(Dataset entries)
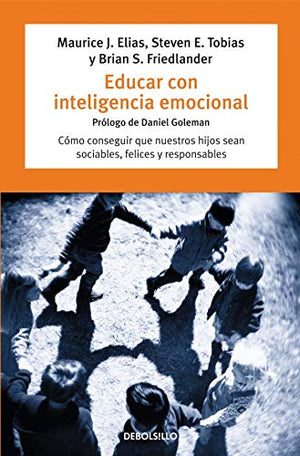 EDUCAR CON INTELIGENCIA EMOCIONAL-DEBOLS (SIN COLECCION)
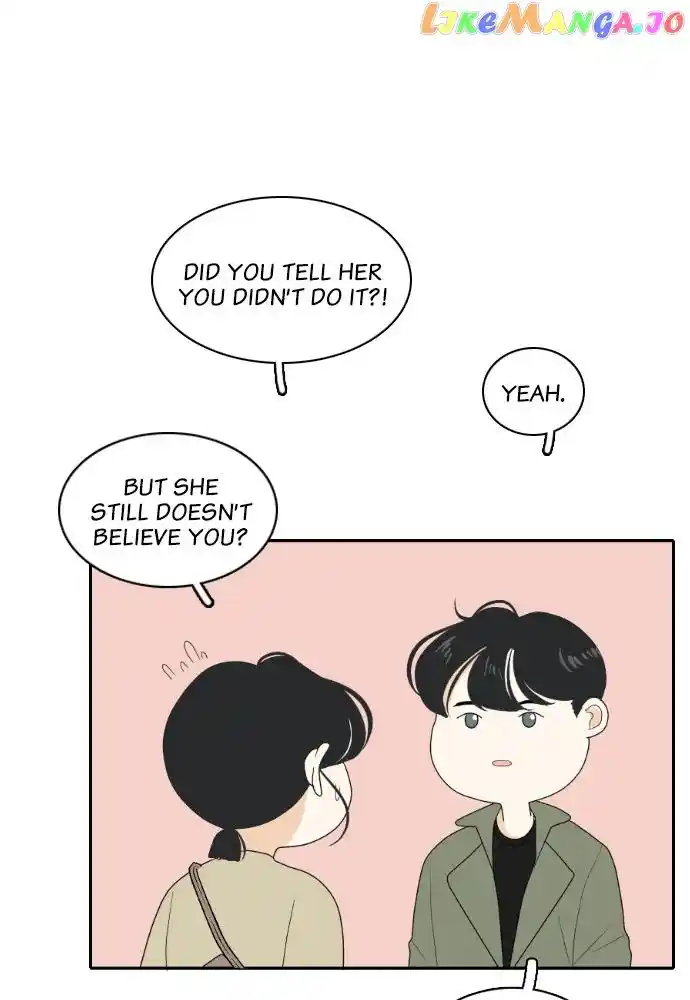 A Falling Cohabitation Chapter 156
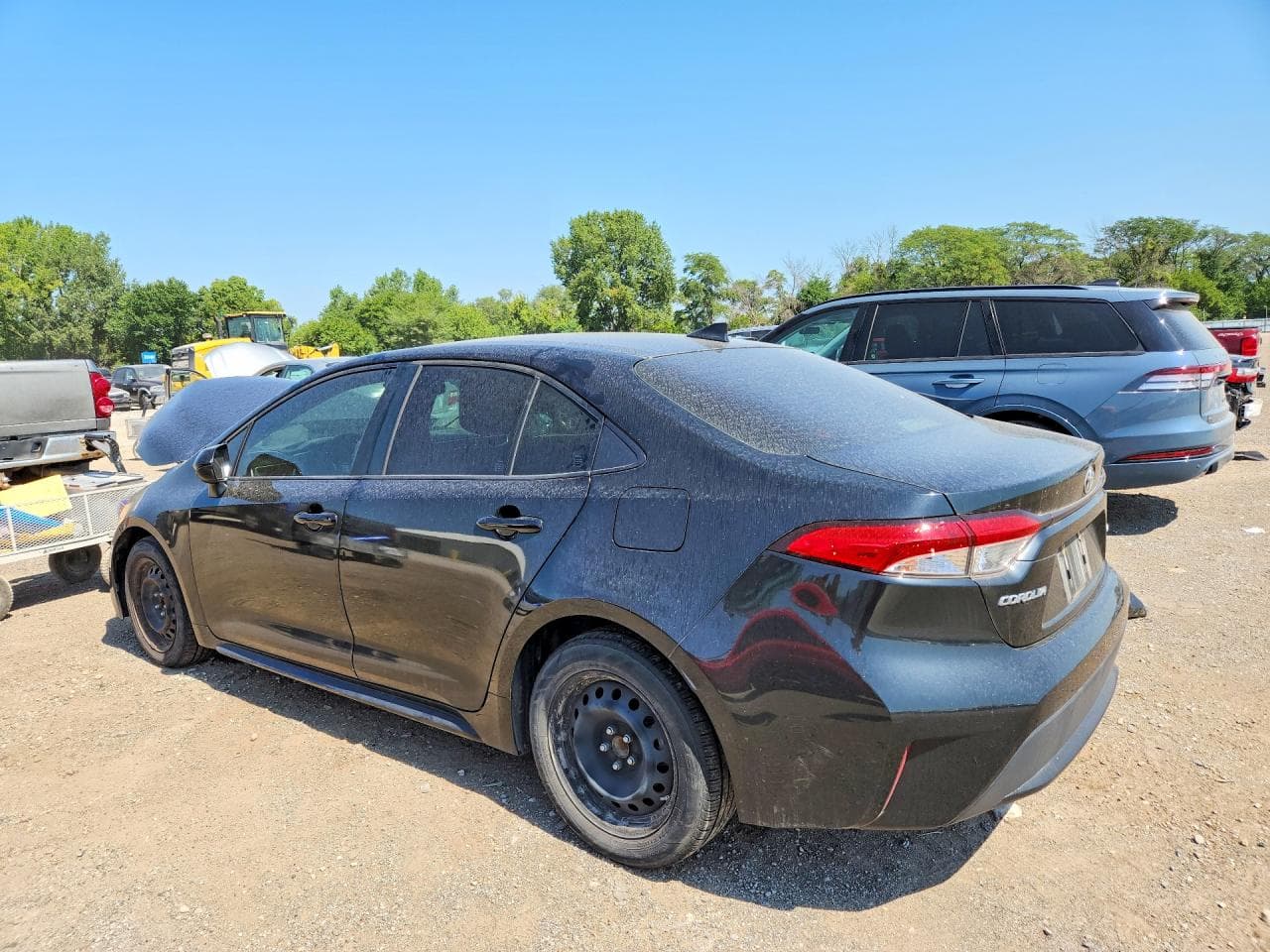 2022 Toyota Corolla Le - foto 2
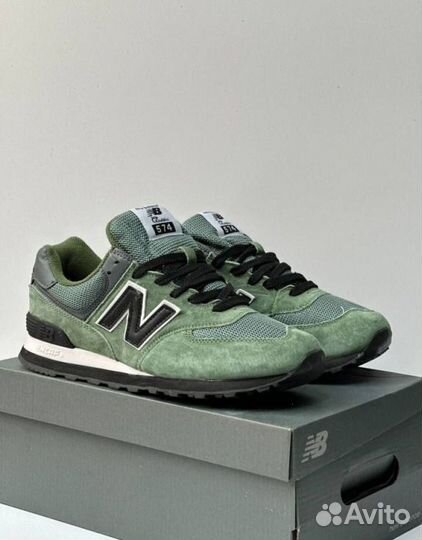 Кроссовки New Balance 574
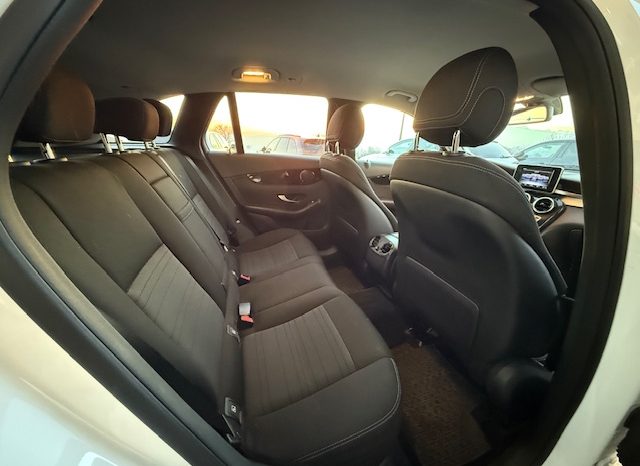 Mercedes-Benz GLC 220 Sport 4matic auto, Gancio Traino, Led, Navi, 17″ full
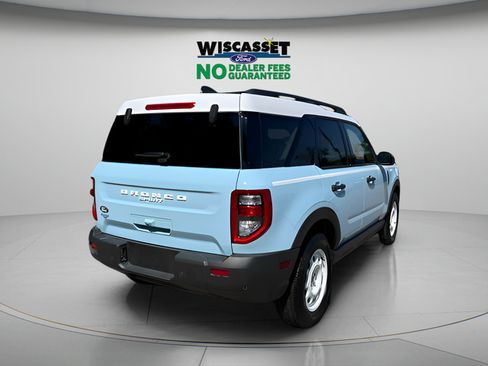 Used 2026 Ford Bronco Sport Heritage w/ Convenience Package AWD/4WD image 27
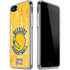 NBA Golden State Warriors Hardwood Classics iPhone SE (2nd & 3rd Gen) Clear Case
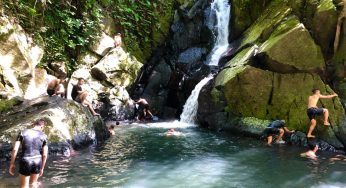 Pesona Tersembunyi Aceh! Air Terjun Pria Laot Sabang Jadi Surga Alam Para Petualang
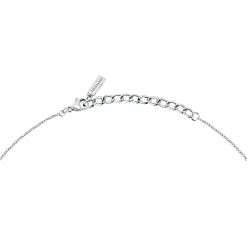 Gioielli In Acciaio|Collane In Acciaio<Trussardi COLLANA T-LOGO - TJAXC44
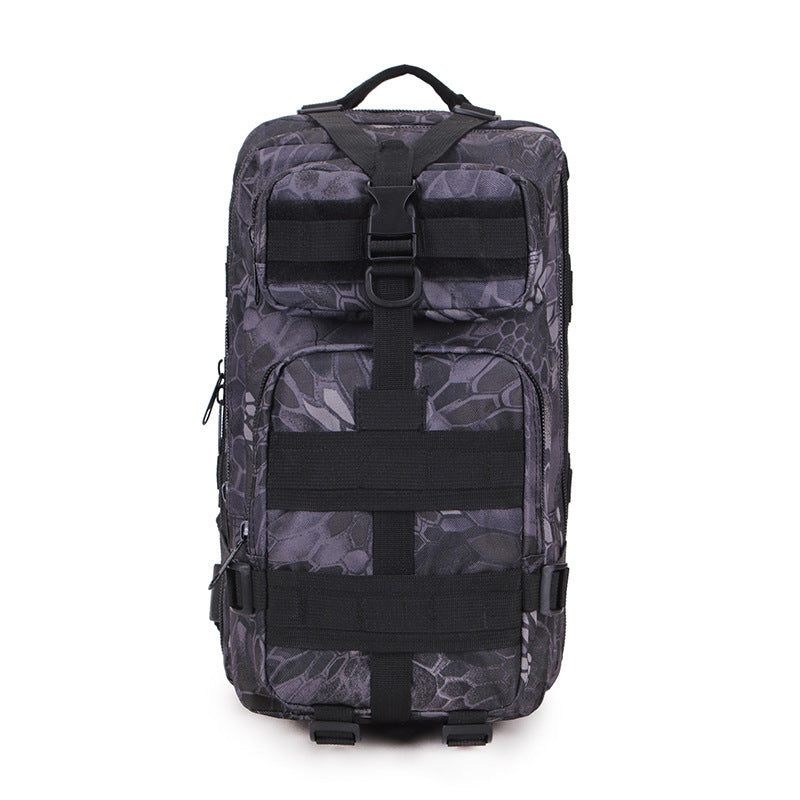 Outdoor Camouflage Hiking Backpack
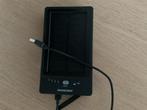 SilverCrest Powerbank Solar, Ophalen of Verzenden, Gebruikt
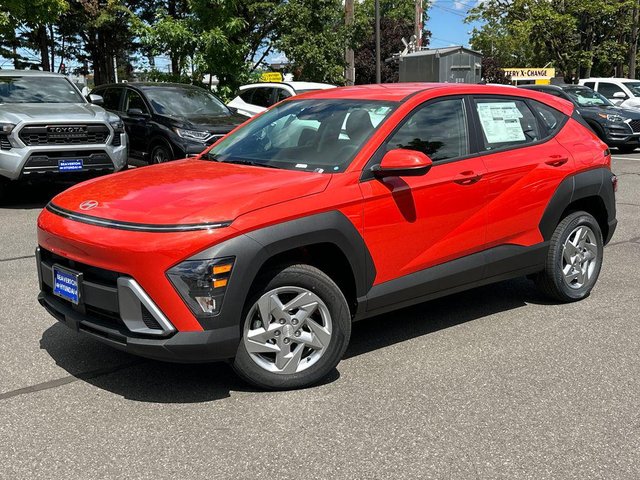 2026 Hyundai KONA SE AWD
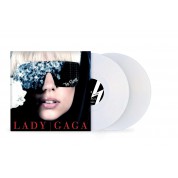 Lady Gaga: The Fame (15th Anniversary - Limited Edition - White Opaque Vinyl) - Plak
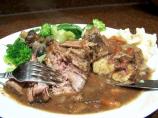 Herbed Italian Pot Roast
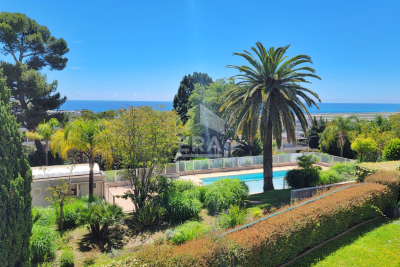 Appartement &agrave; vendre &agrave; NICE  - 4 pi&egrave;ces - 124 m&sup2; 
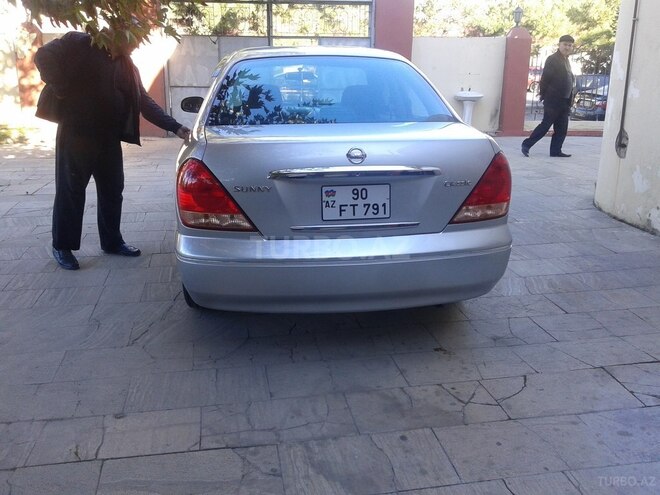 Nissan Sunny 2008, 164,000 km - 0.1 l - Bakı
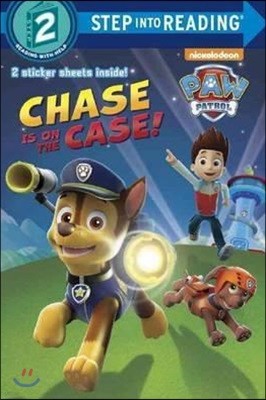 Step Into Reading 2 : Chase Is on the Case!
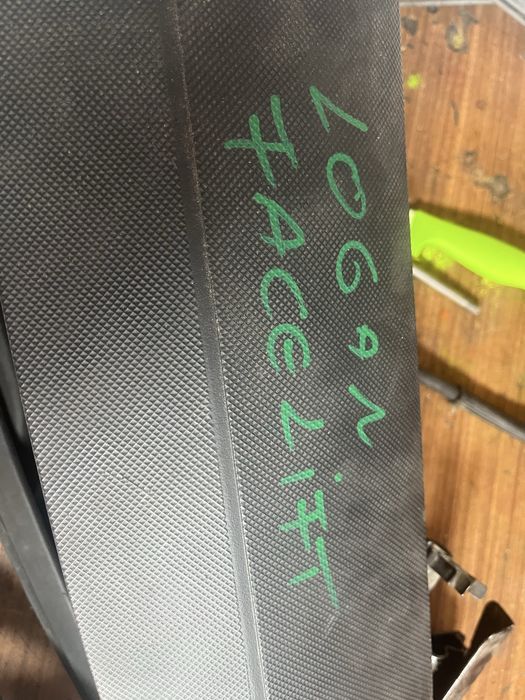 aierbag dacia logan facelift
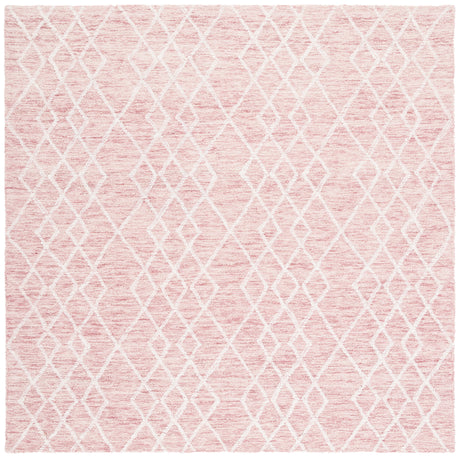 Safavieh Metro Met994U Pink/Ivory Area Rug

■ TASK DIRECTIONS: Transcribe exactly the lines above, beginning at the one with "2022 Toyota Corolla Le - foto 2" and going up to and including the one with "2026 Hyundai KONA SE AWD". Pictures do not belong in the copy.

■ EXERCISE RESULT:
 2022 Toyota Corolla Le - foto 2
 Кроссовки New Balance 574
 Mercedes-Benz GLC 220 Sport 4matic auto, Gancio Traino, Led, Navi, 17″ full
 Used 2026 Ford Bronco Sport Heritage w/ Convenience Package AWD/4WD image 27
 NBA Golden State Warriors Hardwood Classics iPhone SE (2nd & 3rd Gen) Clear Case
 Pesona Tersembunyi Aceh! Air Terjun Pria Laot Sabang Jadi Surga Alam Para Petualang
 Gioielli In Acciaio|Collane In Acciaio<Trussardi COLLANA T-LOGO - TJAXC44
 Outdoor Camouflage Hiking Backpack
 SilverCrest Powerbank Solar, Ophalen of Verzenden, Gebruikt
 2026 Hyundai KONA SE AWD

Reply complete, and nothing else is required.